Work request
Only one stretch of the data below is wanted: the lines starting at the one with "First, you need" and ending at the one with "Welcome to the", both included, given again exactly.

:: Exercise material ::

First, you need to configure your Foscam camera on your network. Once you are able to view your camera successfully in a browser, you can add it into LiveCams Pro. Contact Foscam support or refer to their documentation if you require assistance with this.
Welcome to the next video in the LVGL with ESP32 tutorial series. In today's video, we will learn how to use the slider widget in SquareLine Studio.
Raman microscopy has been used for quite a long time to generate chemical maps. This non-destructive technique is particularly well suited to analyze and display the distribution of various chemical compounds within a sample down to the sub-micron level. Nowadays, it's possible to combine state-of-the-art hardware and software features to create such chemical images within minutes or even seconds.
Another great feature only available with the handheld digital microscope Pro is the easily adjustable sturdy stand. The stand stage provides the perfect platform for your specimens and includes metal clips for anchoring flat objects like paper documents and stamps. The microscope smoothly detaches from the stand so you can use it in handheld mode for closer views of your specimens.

:::
:: Exercise material ::

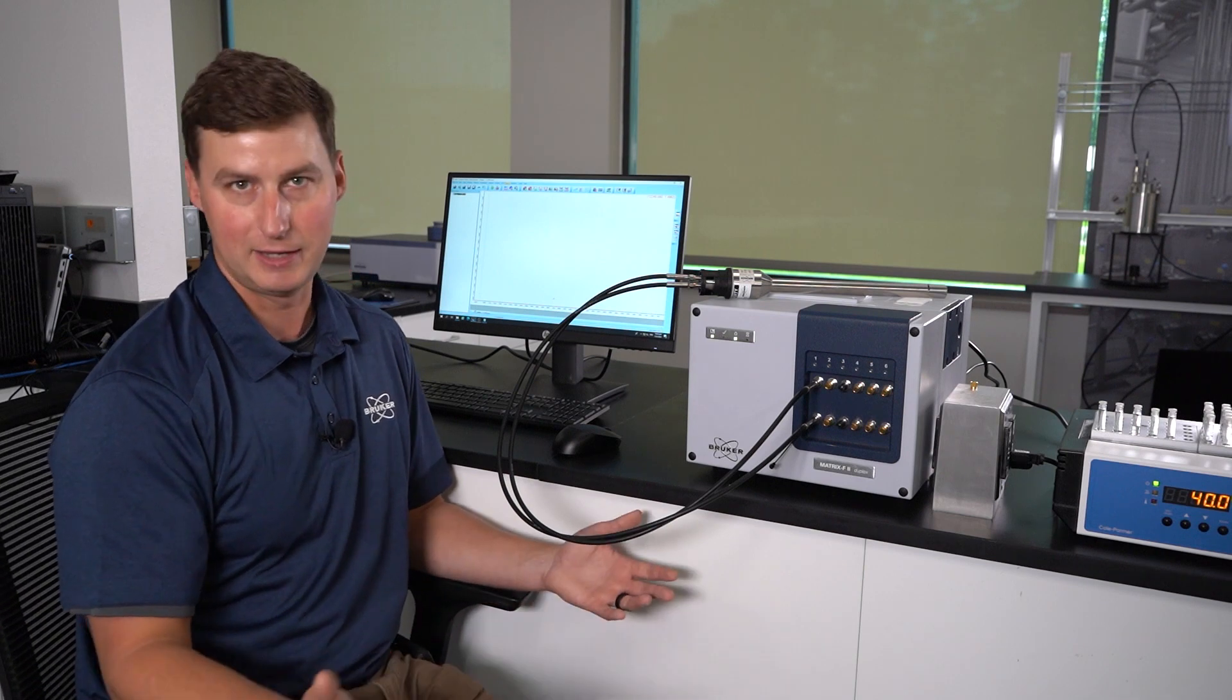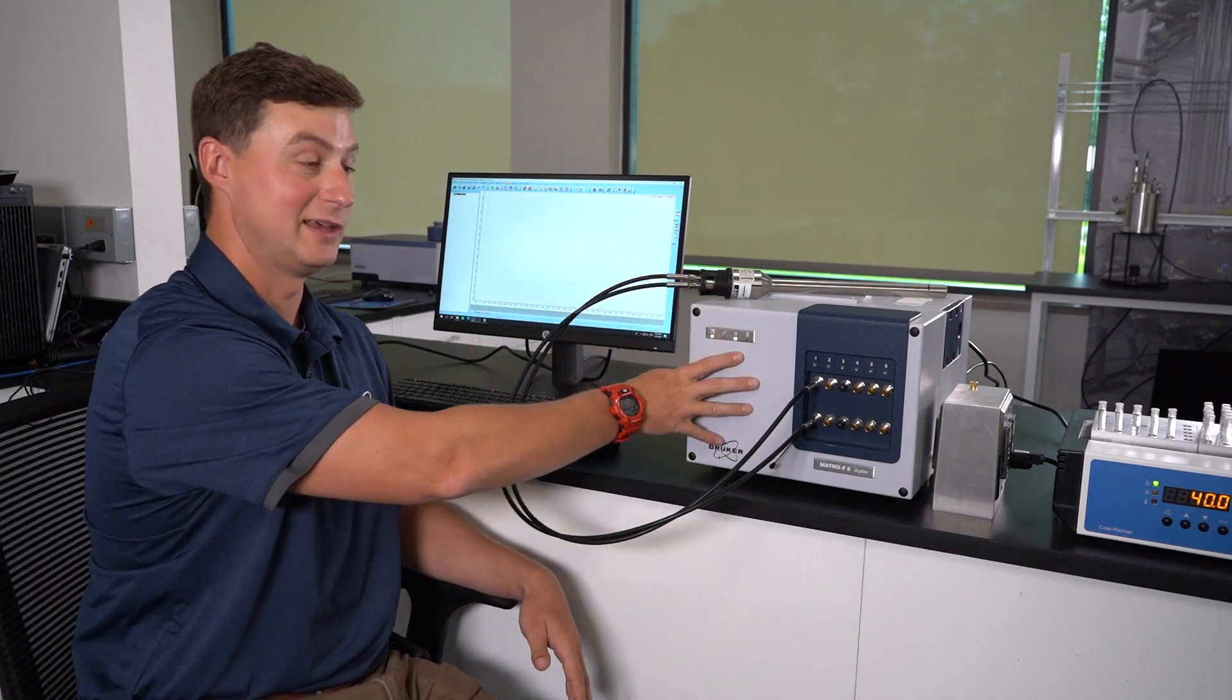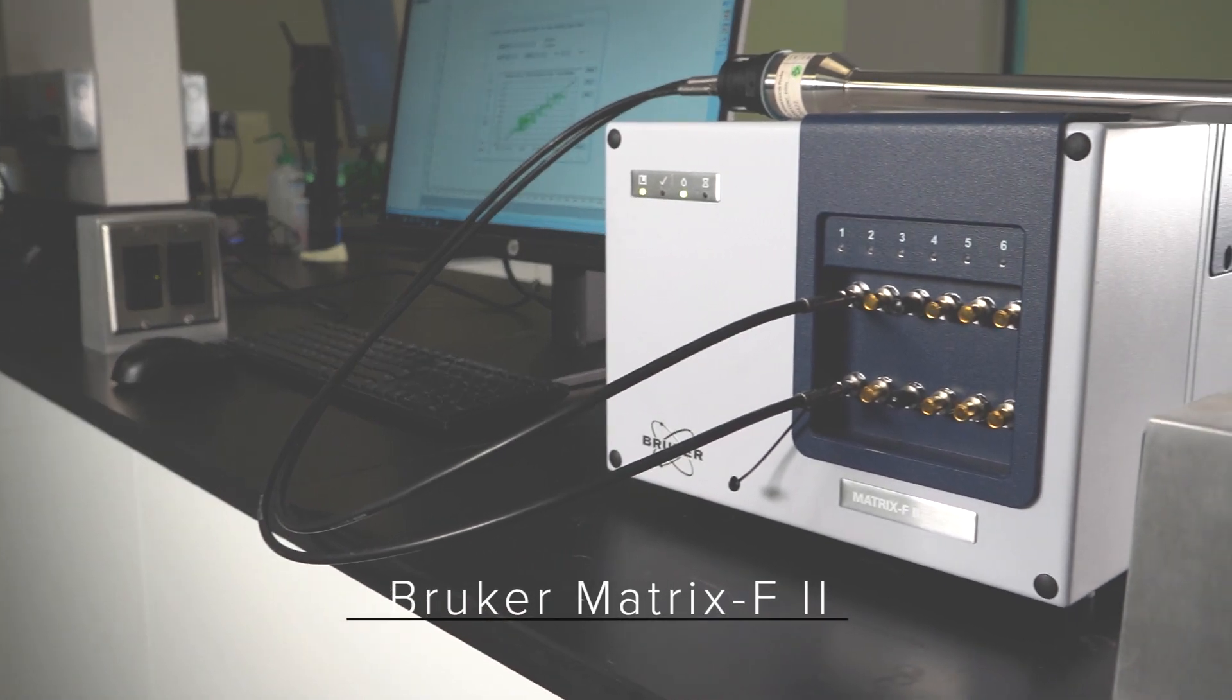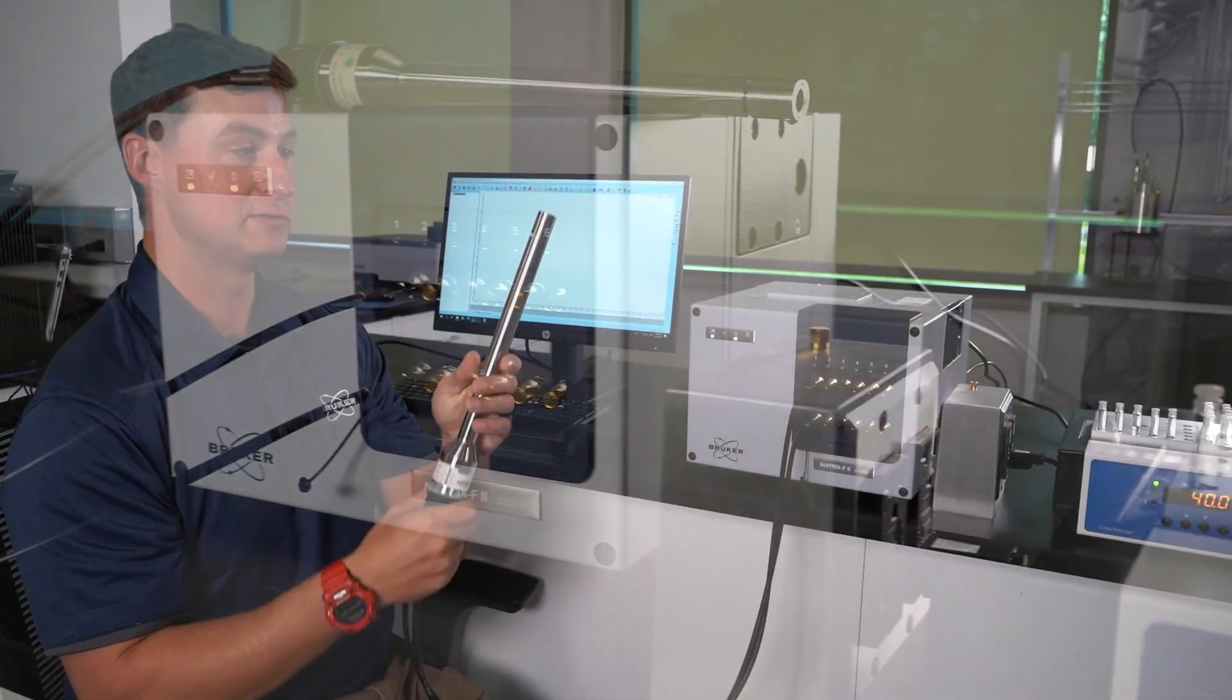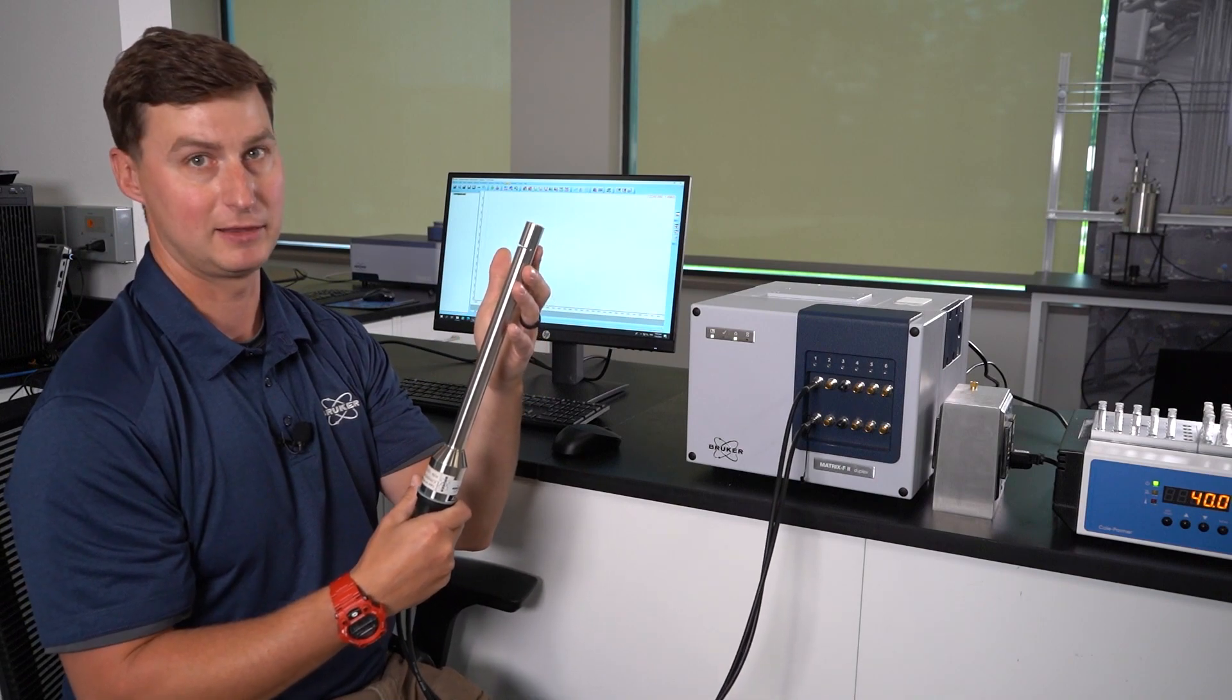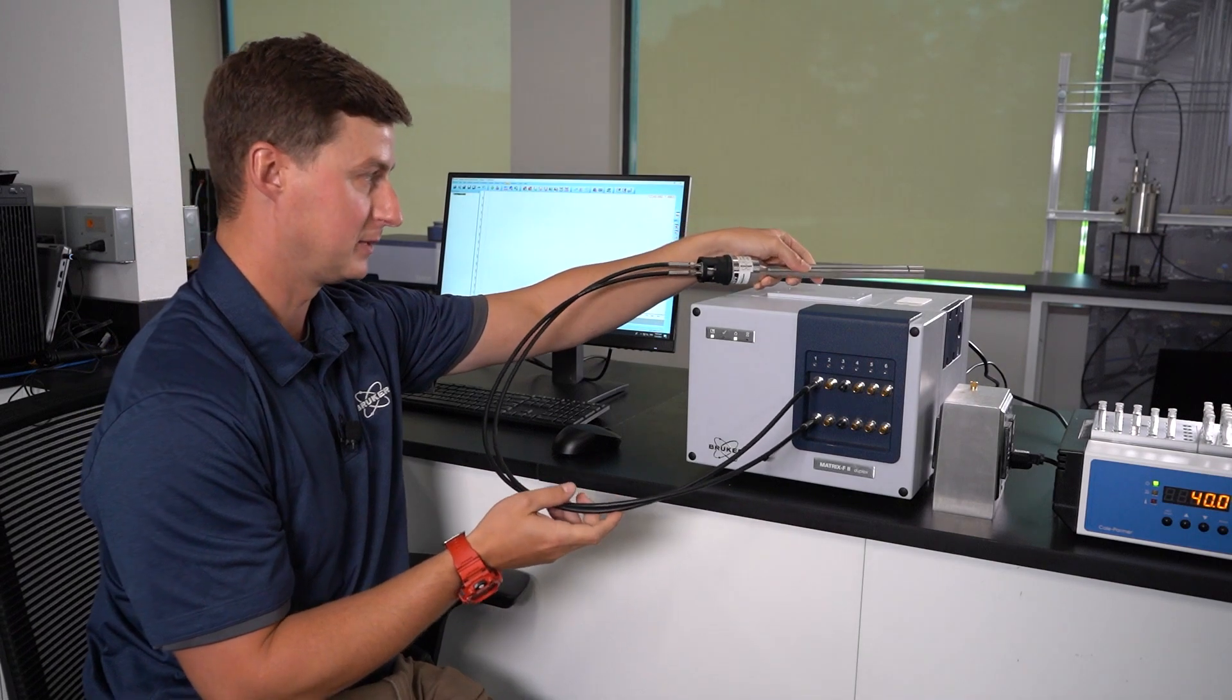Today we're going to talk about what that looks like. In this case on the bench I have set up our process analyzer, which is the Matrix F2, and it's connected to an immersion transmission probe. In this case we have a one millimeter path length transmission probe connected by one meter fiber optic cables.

:::

Task response
First, you need to configure your Foscam camera on your network. Once you are able to view your camera successfully in a browser, you can add it into LiveCams Pro. Contact Foscam support or refer to their documentation if you require assistance with this.
Welcome to the next video in the LVGL with ESP32 tutorial series. In today's video, we will learn how to use the slider widget in SquareLine Studio.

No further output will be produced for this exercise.